For the past year, the U.S. central bank has held interest rates steady, a marked shift from the aggressive rate hikes seen between March 2022 and July 2023, when the Fed increased rates by a total of 525 basis points. These hikes were part of an effort to control inflation, which had soared to multi-decade highs due to the combined impacts of the Ukraine-Russia conflict and lingering COVID-19 restrictions.
Now, with U.S. retail inflation showing signs of stabilizing and edging closer to the Fed’s 2% target, market participants are anticipating that the Fed will begin to lower interest rates as early as September 2024. The next FOMC meeting, scheduled for September 17-18, will be closely watched for any official confirmation of this anticipated policy shift.
In India, market experts are projecting that the news of a potential rate cut could lead to a positive reaction, particularly in the Nifty index. Amit Goel, Co-Founder and Chief Global Strategist at Pace 360, suggests that the Fed’s indications of a possible rate cut could help propel the Nifty beyond the 25,000 mark, a level it has been flirting with in recent sessions.
This should have a positive impact on the Indian market, which has been hovering near the magical 25K on Nifty for the last few days. We see a high probability of Nifty opening with a gap-up post-FED and continuing its march beyond 25K levels.
Amit Goel
The expectation of a rate cut is seen as a key driver of investor sentiment, which has been somewhat cautious in recent months. The possibility of a more accommodative monetary policy from the world’s largest economy is likely to be viewed as a green light for risk-taking, particularly in emerging markets like India, where equities could see a renewed influx of capital.

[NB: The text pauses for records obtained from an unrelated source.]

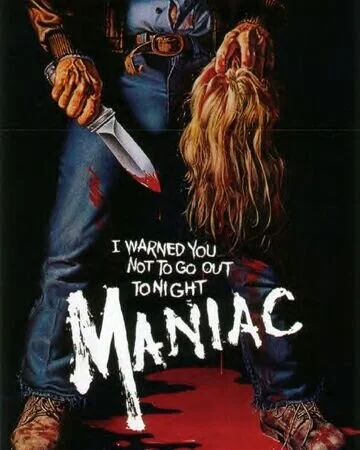 Ep. 31: Maniac (1981)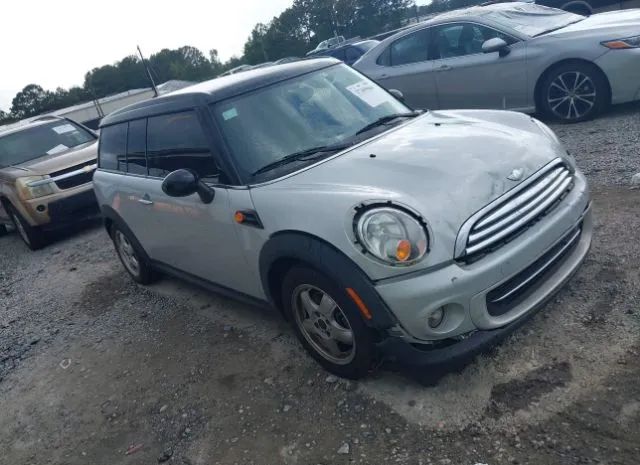 MINI NULL 2011 wmwzf3c51bt188248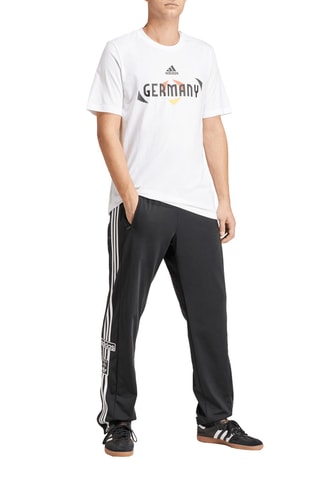 T-shirt Euro 2024 - Wit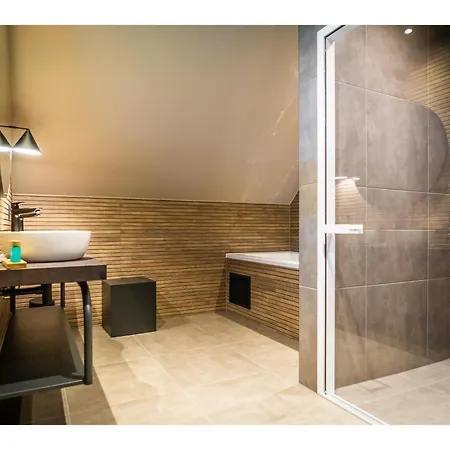 Vila Wellness In Texel De Cocksdorp (Texel)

Suman Bannerjee, Chief Investment Officer at Hedonova, however, cautions that while the overall market outlook appears positive, investors should be prepared for potential volatility.
Investors should prepare for potential volatility, as the Fed’s commentary on the future economic outlook will be crucial in shaping market expectations.
Suman Bannerjee
This suggests that while the market may initially respond positively, there could be fluctuations based on the specifics of the Fed’s future guidance.
Ajit Mishra, Senior Vice President of Research at Religare Broking Ltd, also weighed in, indicating that the Indian markets are likely to extend their gains if the Fed’s signals materialize into actual policy actions.
Mishra believes that breaking through the 25,000 barrier on the Nifty index could set the stage for further upward momentum. He advises traders to focus on strategic stock selection, emphasizing the importance of identifying companies with strong fundamentals, robust earnings potential, and favorable technical setups in the current environment.
The broader market mood appears to be one of cautious optimism, with analysts generally agreeing that the prospect of a Fed rate cut is likely to be a net positive for Indian equities. However, the exact trajectory will depend on a range of factors, including global economic data, the Fed’s communications in September, and the response of other central banks around the world.
As the countdown to the next FOMC meeting begins, market participants will be closely monitoring any developments that could impact the Fed’s decision-making process. Until then, the Indian markets are expected to remain buoyant, with a potential breakout on the Nifty index on the horizon, fueled by the prospect of easier monetary policy in the U.S. and the positive ripple effects it could have on global financial markets.